A year after its release, I have found, have become completely charmed and inspired by and will now treasure Laura Welsh’s song ‘Cold Front’ and its visually stunning video for these reasons…

laurawalsh

Last night, in bed, willing the hours, minutes, seconds of a Sunday night not to pass too quickly and for Monday to stay as far off in the distance as possible I stumbled upon something that moved me.

I was watching Season 2 of ABC’s Mistresses, my new guilty pleasure that I  have been watching the evenings I spend home. Admittedly, Mistresses is more engaging than profound, more escapism than thought provoking, but it’s addictive and it’s all about women, sex and relationships – so therefore I kind of like it for whine down time.

In the getting to know each other phase of a hot heterosexual couple, possibly the most heated of scenes in Mistresses thus far, this song (unknown to me at this point) starts playing. The man, an artist, with a body so perfect it’s a work of art. The woman, April, who has agreed to make art with him, to be his subject, his object, his canvass and his paint brush. I am aware I sound a little Fifty Shades of Grey – ish here.

As red paint is dipped, poured and traced across bodies, the most haunting song filters in and the hairs on my arms lift and I am completely taken in by this scene playing out on my screen. The moment the song fades out and the scene cross fades to the next I am skipping back to replay, to re-watch and re-listen. And I do this again and again, the lyrics at the beginning of the scene  filter in ‘Don’t want to think about it, don’t want a picture of it, we’ve travelled enough…’

At this point I am inspired, excited, proud that the writers, music editors, creators of Mistresses have managed to create a scene that has completely and utterly moved me, ignited me. As I watch and replay I frantically type the lyrics of the song into my laptop, determined not to lose this song and so desperate to hear it in its entirety.

And I am glad I am in possession and can listen to this song when I find what I learn to be Cold Front by Laura Welsh on YouTube. But it’s when I hit play and begin to watch the video that I realise I have found something special. I am stunned. The video is a visual masterpiece, featuring possibly one of the most spectacular, intricate and creative pieces of contemporary dance I have ever seen – ever, let alone in a music video. Taking me back to my days of BRIT school when I was a full time dance student, spending my days dancing eight hours and constantly being inspired, expressive and without a single care in the world, because I was doing exactly what I loved to do – what I thought I was born to do – I was reminiscent, longing for those yesteryears that could never be relived.

I watched the video another two or three times, sat in my bed, mesmerised – not knowing whether I should pick up a pen and start writing or just continue to appreciate the moment.
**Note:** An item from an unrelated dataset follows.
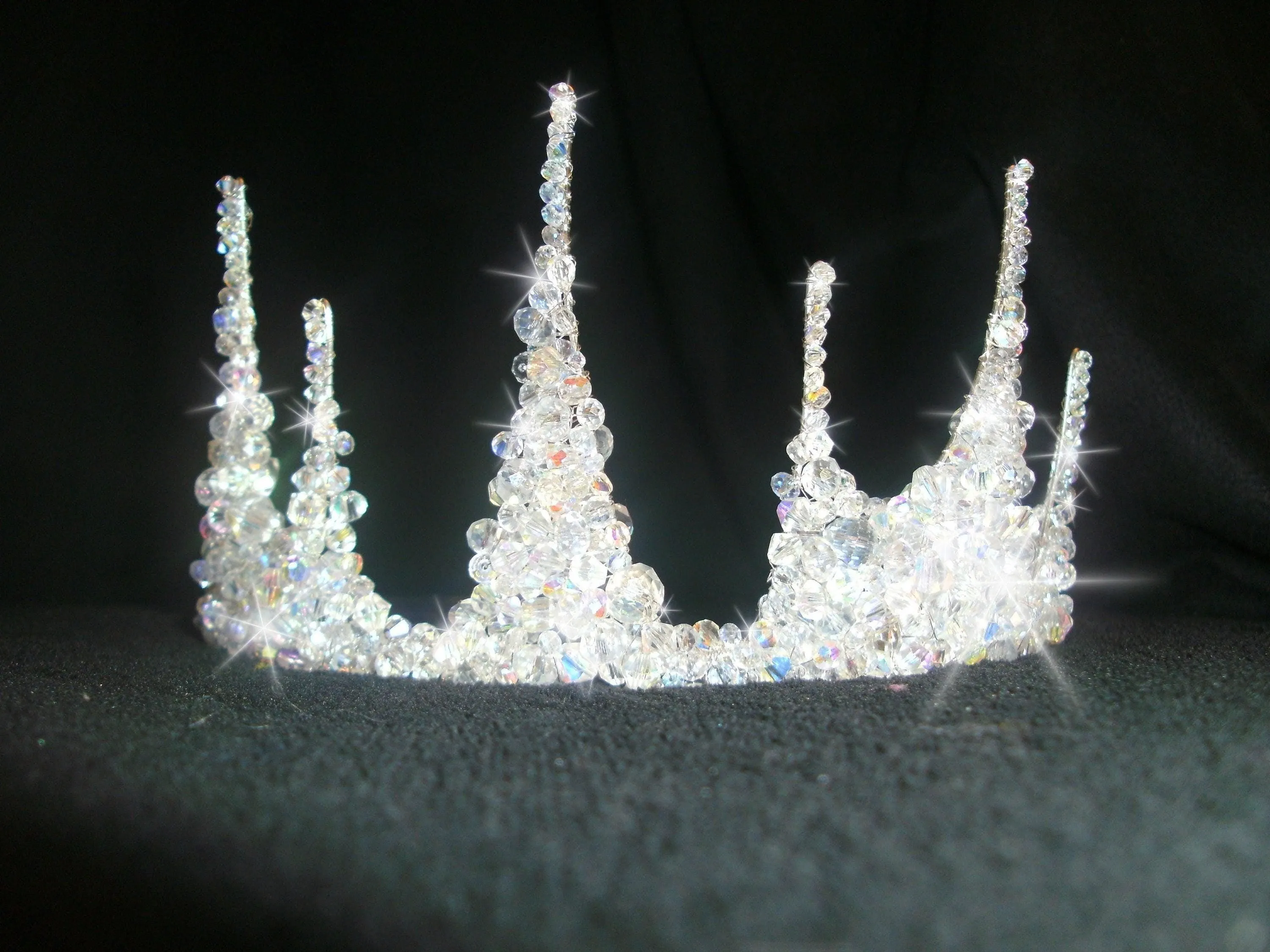 Crystal tiara crown, Couture inspired, modern crystal tiara, Ab crystal beads by Crystal wedding uk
The movement of the dancer, the strength of her body, her flexibility and the chilling interpretation of the music drew me deeper within. Blown away by the concept of the video and its complexity,  the manipulation of the dancer’s body controlled by shadows all accompanying a song that instantly I found haunting and provoking in the most welcomed way.

I was in need of something inspiring, something to pull me out deeper than the shallow waters that I have been wading – deeper than the Deep House I spend my days listening to to avoid conscious lyrics that antagonise me and more gratifying than after work drinks that I convince myself I deserve and the reason why my novel is still very much incomplete.

I found myself, gratefully, totally overwhelmed by how creative and talented we as human beings can be, overwhelmed by the power  our creativity can possess and anxious that I may never reach my full potential. I gave up on dance, but hopefully this moment, this song, this video and this blog will inspire me keep on writing and remind of the depths of the pleasure I gain from the things that move me in comparison to those that distract me.